Я все же отнес номер телефона врачу и согласился на убойную дозу обезболивающего и снотворного. У меня развилась бессонница. Я всю эту неделю не спал почти. По ночам не мог глаза закрыть. Мне казалось, что увижу во сне что-то из прошлой жизни, и мне это не понравится. Но когда вырубался, ни черта мне не снилось. Я проваливался в какой-то каменный мешок, в полную и глухую темень и просыпался, как от резкого толчка, едва лишь занимался рассвет. Открывал глаза, прислушивался к себе, а там опять все та же шторка.
Верочка любезно принесла мне кофе из ординаторской, сказала, что ночью какая-то красивая женщина мужа своего искала. Не меня точно, иначе уже зашла б ко мне с пакетиком яблок и сладостей, накинув на плечи белый халат. И непременно с заплаканным лицом. Так трагичней. Но та женщина явно зашла к кому-то другому, а мне заботливо предложили рогалик с повидлом из больничной столовой и кокетливо похлопали голубыми глазками. Нет, милая, за рогалик я тебя трахать не буду, вот за хороший бифштекс еще б подумал. Все же определенно я сволочь. Верочка ушла, пообещав заглянуть ко мне после обхода. Можно подумать, я её об этом просил. Навязчивые женщины хуже надоедливых мух.

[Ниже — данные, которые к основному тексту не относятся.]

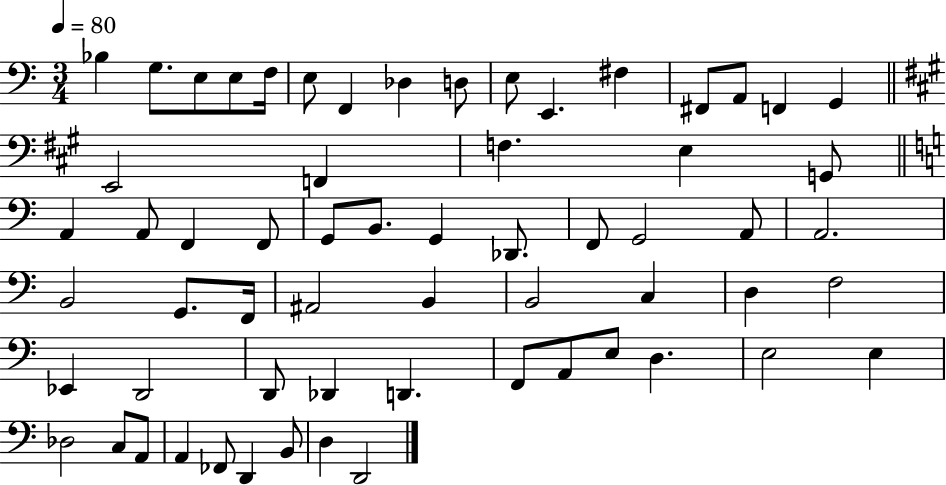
Bb3/q G3/e. E3/e E3/e F3/s E3/e F2/q Db3/q D3/e E3/e E2/q. F#3/q F#2/e A2/e F2/q G2/q E2/h F2/q F3/q. E3/q G2/e A2/q A2/e F2/q F2/e G2/e B2/e. G2/q Db2/e. F2/e G2/h A2/e A2/h. B2/h G2/e. F2/s A#2/h B2/q B2/h C3/q D3/q F3/h Eb2/q D2/h D2/e Db2/q D2/q. F2/e A2/e E3/e D3/q. E3/h E3/q Db3/h C3/e A2/e A2/q FES2/e D2/q B2/e D3/q D2/h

Смотрел в окно, ожидая обход, а потом заметил ЕЁ в темно-синем пальто с пакетом в руках и пластиковым стаканчиком. Засмотрелся на роскошные волосы. Очень густые, светло-пшеничные. Ветер их швырял в разные стороны, а она шла и листья носком сапога поддевала, сжимая двумя руками стаканчик. Как девчонка. И каблуки громко по асфальту стучат. У меня в голове музыка сама собой зазвучала… Странно так – она идет, а у меня музыка в ушах стоит.
Мир был в огне,
Никто не мог спасти меня, только ты.
Странно, что желание заставляет
глупых людей делать,
Я никогда не мечтал, что встречу кого-то, как ты,
И никогда не мечтал, что потеряю кого-то, как ты
(с) Wicked game (Chris Isaak)
– Эй, Железнодорожник?! – мой сосед по палате, с толстым поролоновым валиком на шее, только проснулся. Они меня все так называли, потому что имени я своего не помнил. – На кого засмотрелся там? Пошли завтракать.
– Не голоден, спасибо, Сев.
– Верочка притащила завтрак, да? Соблазняешь девку, кобель чертов. Загадочные мужики-психи всегда баб привлекают. В следующий раз притворюсь, что ни хрена не помню.
– Нет, Верочка просто жалостливая и хорошая девочка, а у тебя жена есть, Сева. Симпатичная, между прочим.
– Ну да, конечно. Очень хорошая, раз тебе таскает кофе и булочки из буфета на её кровные купленные. Знаешь, Железнодорожник, своя на то и своя, а хочется не свое хоть разочек… Эх, не светит мне любовница-медсестра.